Seiring penataan administrasif tersebut, Majene tumbuh menjadi kota pelabuhan tersibuk di seluruh Mandar pada tahun 1920-an dan 1930-an. Majene didatangi kapal-kapal KPM empat kali sebulan, sehingga ia menjadi kota pelabuhan paling sibuk di pantai barat Sulawesi, setelah Makassar dan Parepare.
Selain kapal Belanda, palabuhan Majene terutama disinggahi oleh perahu- perahu Mandar yang kembali dari perdagangan di Kepulauan Maluku pada Musim Timur (Mei – September). Pada Musim Barat (Desember – Maret), perahu-perahu tersebut biasanya berlabuh dan bongkar muat di pelabuhan Pamboang, karena pada musim itu pelabuhan Majene tidak aman untuk berlabuh. Kondisi ini melahirkan “pelabuhan kembar” Mandar di Selat Makassar. Jaringan ini digerakkan oleh para pelaut Mandar dengan berbagai jenis perahu seperti padewakang, palari, lete, lambo, paqur, dan sandeq.
Sebelum invasi militer Jepang, Afdeling Mandar dibagi menjadi tiga onderafdeling yaitu: Majene, Polewali, dan Mamuju. Penataan ini tidak berubah pada masa penduduk Jepang (1942-1945), kecuali perubahan nomenklatur dari afdeling menjadi Ken dan onderafdeling menjadi bunken. Majene menjadi ibukota Ken Mandar dan sekaligus ibukota Bunken Majene.

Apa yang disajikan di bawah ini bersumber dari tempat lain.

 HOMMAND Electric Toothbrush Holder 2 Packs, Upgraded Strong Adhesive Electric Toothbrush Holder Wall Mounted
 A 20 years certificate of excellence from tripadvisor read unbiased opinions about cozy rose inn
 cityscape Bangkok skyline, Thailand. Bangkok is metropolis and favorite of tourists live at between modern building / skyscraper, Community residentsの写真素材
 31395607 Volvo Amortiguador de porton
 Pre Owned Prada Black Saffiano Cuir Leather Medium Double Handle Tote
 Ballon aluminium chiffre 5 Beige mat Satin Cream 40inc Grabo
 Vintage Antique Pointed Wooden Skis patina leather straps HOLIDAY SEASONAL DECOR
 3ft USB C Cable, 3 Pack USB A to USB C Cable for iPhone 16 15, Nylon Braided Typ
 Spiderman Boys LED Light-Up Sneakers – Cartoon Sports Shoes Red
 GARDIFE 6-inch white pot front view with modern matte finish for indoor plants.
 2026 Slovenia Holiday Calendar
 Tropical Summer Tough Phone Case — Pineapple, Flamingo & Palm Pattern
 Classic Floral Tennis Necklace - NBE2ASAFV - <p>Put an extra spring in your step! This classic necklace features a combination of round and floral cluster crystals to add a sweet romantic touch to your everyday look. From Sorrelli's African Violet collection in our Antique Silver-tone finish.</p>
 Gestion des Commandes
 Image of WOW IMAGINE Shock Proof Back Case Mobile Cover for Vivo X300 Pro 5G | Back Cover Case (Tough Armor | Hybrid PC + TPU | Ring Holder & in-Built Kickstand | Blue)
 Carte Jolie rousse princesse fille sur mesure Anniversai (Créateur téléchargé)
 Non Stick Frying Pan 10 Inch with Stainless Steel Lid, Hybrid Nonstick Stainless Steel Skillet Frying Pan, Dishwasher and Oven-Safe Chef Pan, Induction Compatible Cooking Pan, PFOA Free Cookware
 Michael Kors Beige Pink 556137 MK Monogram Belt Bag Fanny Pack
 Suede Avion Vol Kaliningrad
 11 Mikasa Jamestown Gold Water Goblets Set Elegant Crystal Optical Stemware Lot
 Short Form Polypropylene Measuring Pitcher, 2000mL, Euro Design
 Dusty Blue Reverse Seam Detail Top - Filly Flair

Pada awal kemerdekaan, Mandar pernah menjadi bagian Provinsi Sulawesi. Namun setelah gubernurnya, Ratulangi, ditangkap oleh Belanda dan diasingkan ke Serui pada 5 April 1946, maka Mandar di bawah Negara Indonesia Timur (NIT: 1946-1949) dengan ibukota Majene.